== Supplied material ==
------------------------

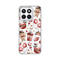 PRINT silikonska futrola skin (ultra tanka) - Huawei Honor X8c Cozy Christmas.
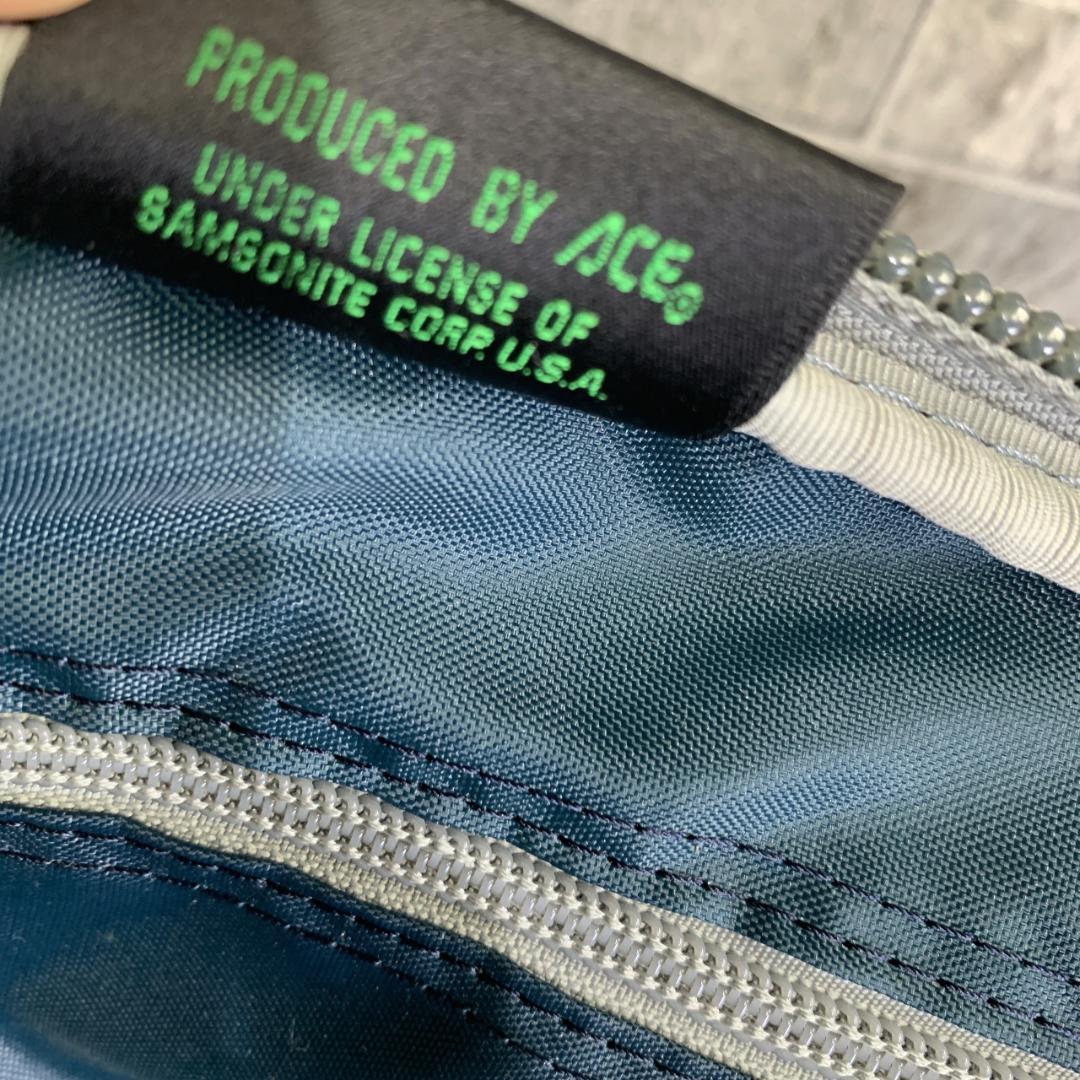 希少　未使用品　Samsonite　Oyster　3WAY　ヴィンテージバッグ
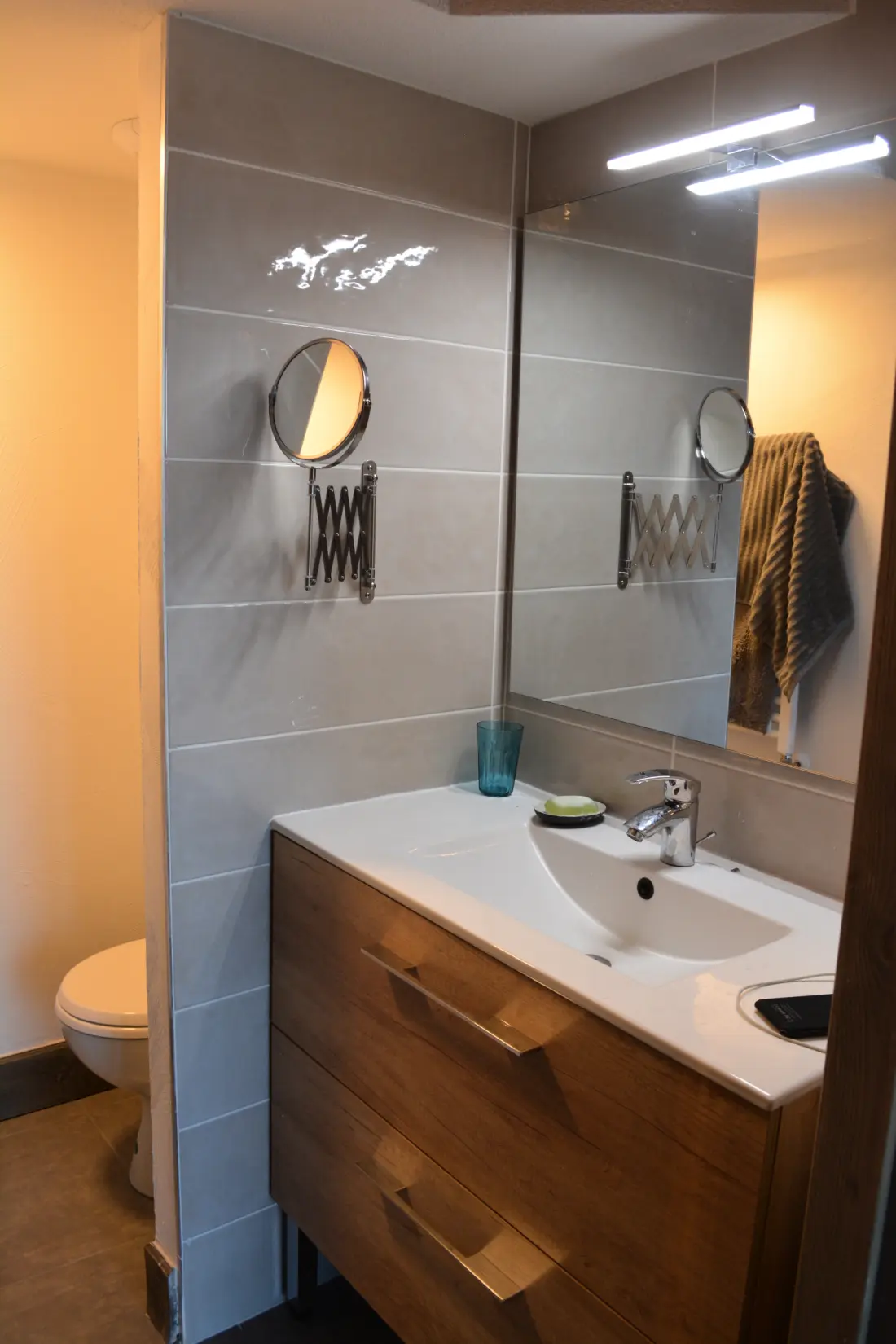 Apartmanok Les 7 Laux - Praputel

------------------------

== Brief ==
Your task is to output the material word for word while leaving out every image.

== Exercise output ==
 PRINT silikonska futrola skin (ultra tanka) - Huawei Honor X8c Cozy Christmas.
 希少　未使用品　Samsonite　Oyster　3WAY　ヴィンテージバッグ
 Apartmanok Les 7 Laux - Praputel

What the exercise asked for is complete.